Gary Martin, creator of Phrase Finder website added: The Bard may have been the first to put the notion on paper, but he didn’t coin the phrase ‘fight fire with fire’, that came much later. The source of this phrase was actual fire-fighting that was taken on by US settlers in the 19th century. They attempted to guard against grass or forest fires by deliberately raising small controllable fires, which they called ‘back-fires’, to remove any flammable material in advance of a larger fire and so deprive it of fuel. This literal ‘fighting fire with fire’ was often successful, although the settlers’ lack of effective fire control equipment meant that their own fires occasionally got out of control and made matters worse rather than better. One such failure was recorded in Caroline Kirkland’s novel, based on her experiences of frontier Michigan in the 1840s, A New Home – Who’ll Follow? Or, Glimpses of Western Life (written under the pseudonym of Mrs. Mary Clavers): The more experienced of the neighbours declared there was nothing now but to make a “back-fire!” So home-ward all ran, and set about kindling an opposing serpent which should “swallow up the rest;” but it proved too late. The flames only reached our stable and haystacks the sooner,…

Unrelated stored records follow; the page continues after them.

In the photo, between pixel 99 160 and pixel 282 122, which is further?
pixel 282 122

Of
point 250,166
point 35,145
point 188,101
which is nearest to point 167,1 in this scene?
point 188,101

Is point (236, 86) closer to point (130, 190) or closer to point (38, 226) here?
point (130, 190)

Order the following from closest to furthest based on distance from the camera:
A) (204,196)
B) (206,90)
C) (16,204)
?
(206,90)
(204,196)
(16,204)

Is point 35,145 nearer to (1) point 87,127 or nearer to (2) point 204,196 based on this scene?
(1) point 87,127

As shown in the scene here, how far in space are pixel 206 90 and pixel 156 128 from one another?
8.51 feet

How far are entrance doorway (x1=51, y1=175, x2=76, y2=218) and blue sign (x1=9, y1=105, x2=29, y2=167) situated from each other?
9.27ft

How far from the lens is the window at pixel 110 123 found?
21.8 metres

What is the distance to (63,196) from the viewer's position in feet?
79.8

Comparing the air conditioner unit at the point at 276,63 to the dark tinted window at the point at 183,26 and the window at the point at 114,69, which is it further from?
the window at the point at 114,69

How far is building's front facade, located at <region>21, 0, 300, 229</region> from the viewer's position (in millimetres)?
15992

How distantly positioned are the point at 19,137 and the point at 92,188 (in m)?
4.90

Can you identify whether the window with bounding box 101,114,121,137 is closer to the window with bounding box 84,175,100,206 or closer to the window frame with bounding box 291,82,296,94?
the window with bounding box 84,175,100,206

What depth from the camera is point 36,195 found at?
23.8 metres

Jeremiah laments, Look and see if there is any sorrow like my sorrow which was dealt out to me…? How many of us can admit to connecting with that phrase? As a casual observer it would be fairly easy to criticize Jeremiah for having his monumental pity party. But following closer inspection one can quickly see he had good reason to make such a boast. For you see, not only had he prophesied the events that were to happen in Israel – to the people of Israel – he experienced them in real time as he wrote Lamentations. Can you imagine prophesying a future cataclysmic event only to have to experience it with the people; experiencing it with the people who caused the judgment of God? Yet, there is a lesson we can learn from Jeremiah’s suffering: Fight Fire with Fire. What do I mean? Hebrews 12:27-29 states: Now this expression, Yet once more, indicates the final removal and transformation of all [that can be] shaken—that is, of that which has been created—in order that what cannot be shaken may remain and continue.28 Let us therefore, receiving a kingdom that is firm and stable and cannot be shaken, offer to God pleasing service and acceptable worship, with modesty and pious care and godly fear and awe;29 For our God [is indeed] a consuming fire. Then Jeremiah 23:29 adds: Is not My word like fire [that consumes all that cannot endure the test]? says the Lord, and like a hammer that breaks in pieces the rock [of most stubborn resistance]?
In what possible way could you apply all of this? Everything that can be shaken will be shaken. What does that word mean”everything” mean in Greek? Everything! Everything means everything. The only Rock that can’t be moved is Jesus and His Word. They are unshakable. They have had their challengers over the centuries but Jesus and His Word remains unmoved. Since everything is going to be shaken then we need to start a Fire that is far greater than the fires of sorrow, affliction, and misery. His fire is none other than Him and His Word. The disciples, who were followers of Jesus, can attest to the fact that at Pentecost they were baptized in and with the Holy Spirit and with Fire. Theologians, and Bible teachers have attempted to water down the meaning of that phrase by stating that it really means difficulties, or trials. But do not be mistaken. The FIRE is none other than God Almighty Himself. We fight the world’s fires with His Fire – His Presence and His Word. Our response-ability (we have the ability to respond) is to provide the wood for the sacrifice in order that the FIRE of His Presence and Word burns brighter than our circumstances. Can you say that is true in your life?